- Sire: Blakeney
- Grandsire: Hethersett
- Dam: Riddlededee
- Damsire: Acropolis
- Sex: Mare
- Foaled: 15 March 1979
- Country: United Kingdom
- Colour: Bay or brown
- Breeder: Lord Halifax
- Owner: Lord Halifax
- Trainer: John Dunlop
- Record: 13: 5-1-2

Major wins
- Cesarewitch Handicap (1982) Irish St Leger (1983)

Awards
- Timeform rating 97 (1982), 120 (1983)

= Mountain Lodge (horse) =

British-bred Thoroughbred racehorse

Mountain Lodge (15 March 1979 - after 2002) was a British Thoroughbred racehorse and broodmare. A specialist stayer she finished unplaced on her only start as a juvenile in 1981 but in the following year she won four races culminating with a victory in the Cesarewitch Handicap over two and a quarter miles. As a four-year-old she struggled for form early in the season but returned to her best in autumn to record her biggest victory in the Irish St Leger. Her win in Ireland made her the first older horse to win an Irish classic race. As a broodmare she produced several winners, the best of them being Compton Ace who won the Gordon Stakes and finished third in the Ascot Gold Cup. Through her daughter Beacon, she is the female-line ancestor of The Oaks winner Sariska.

==Background==
Mountain Lodge was a "smallish" bay or brown mare bred at the Garrowby Stud in Yorkshire by her owner Peter Wood, 3rd Earl of Halifax. She was trained throughout her racing career by John Dunlop at Arundel in West Sussex.
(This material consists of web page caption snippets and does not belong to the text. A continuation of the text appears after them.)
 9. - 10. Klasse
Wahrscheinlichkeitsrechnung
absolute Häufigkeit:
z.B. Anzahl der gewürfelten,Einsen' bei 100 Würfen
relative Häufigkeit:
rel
She was sired by Blakeney, who won The Derby in 1969 before being retired to the National Stud. His other major winners included Julio Mariner, Juliette Marny and Tyrnavos. Blakeney was a representative of the Byerley Turk sire line, unlike more than 95% of modern thoroughbreds, who descend directly from the Darley Arabian. Mountain Lodge's dam Fiddlededee was a winning stayer who finished third in the Park Hill Stakes and was a daughter of Eyewash, whose other female-line descendants have included Might and Power, Lucky Owners and Beauty Parlour.

==Racing career==
===1981: two-year-old season===
Mountain Lodge made her racecourse debut in a 27-runner maiden race over six furlongs at Newmarket Racecourse in October and finished unplaced behind Merlin's Charm. In their annual Racehorses of 1981, the independent Timeform organisation described her as a filly who was likely to improve given "a good test of stamina".
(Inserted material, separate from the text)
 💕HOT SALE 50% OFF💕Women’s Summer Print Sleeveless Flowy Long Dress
===1982: three-year-old season===
On her first two races as a three-year-old Mountain Lodge finished third and second before winning a maiden race over two miles at Nottingham Racecourse. She then "trotted up" in a minor race over the same distance at Thirsk Racecourse. She was unplaced on her next start but then won a handicap race over two and a quarter miles at Ayr Racecourse by a neck from the colt Dudley Wood. In October the filly started at odds of 9/1 in a 28-runner field for the Cesarewitch Handicap over two and a quarter miles at Newmarket. Ridden by Willie Carson, and carrying a weight of 108 pounds, she won by three lengths from the seven-year-old gelding Popsi's Joy who had won the race in 1980. At the end of the year he was given a rating of 97 by Timeform, 37 behind their top stayer Ardross and 34 pounds behind their best three-year-old filly Akiyda.

===1983: four-year-old season===
Mountain Lodge was kept in training as a four-year-old with the Ascot Gold Cup in June as her principal objective. She missed a scheduled run in the Sagaro Stakes when the race meeting was abandoned due to waterlogging and made her seasonal debut in the Henry II Stakes at Sandown Park in May when she finished fourth to Ore. Her Gold Cup hopes were ended when she sustained a foot injury on the day of the race and had to be withdrawn. Later that month she contested the Northumberland Plate at Newcastle Racecourse but raced poorly and finished unplaced behind Weavers' Pin.

After a break of well over two months Mountain Lodge returned in the Doncaster Cup in September and came from well off the pace to finish third behind Karadar and Gildoran. The 1983 Irish St Leger, run over one and three quarter miles at the Curragh Racecourse on 8 October, was the first edition of the race to be open to older horses instead of being restricted to three-year-olds. Heavy rain in the build-up resulted in very soft ground and conditions were not improved by a thick mist which restricted visibility. The British colt Band (winner of the Cumberland Lodge Stakes) started favourite ahead of Colonial Flag (representing the Vincent O'Brien stable) and Yawa (Grand Prix de Paris) with Mountain Lodge, who was expected to relish the testing conditions, next in the betting on 13/2. The best of the other six runners appeared to be the British four-year-old Khairpour, who had finished ahead of Mountain Lodge at Sandown and later won the Geoffrey Freer Stakes. Little of the early stages were clearly visible but High Cannon appeared to make the running before Arctic Lord led the field into the straight. Band went to the front in the straight, but Mountain Lodge, ridden by Declan Gillespie, wore down the tiring favourite in the final furlong and won going away by two lengths.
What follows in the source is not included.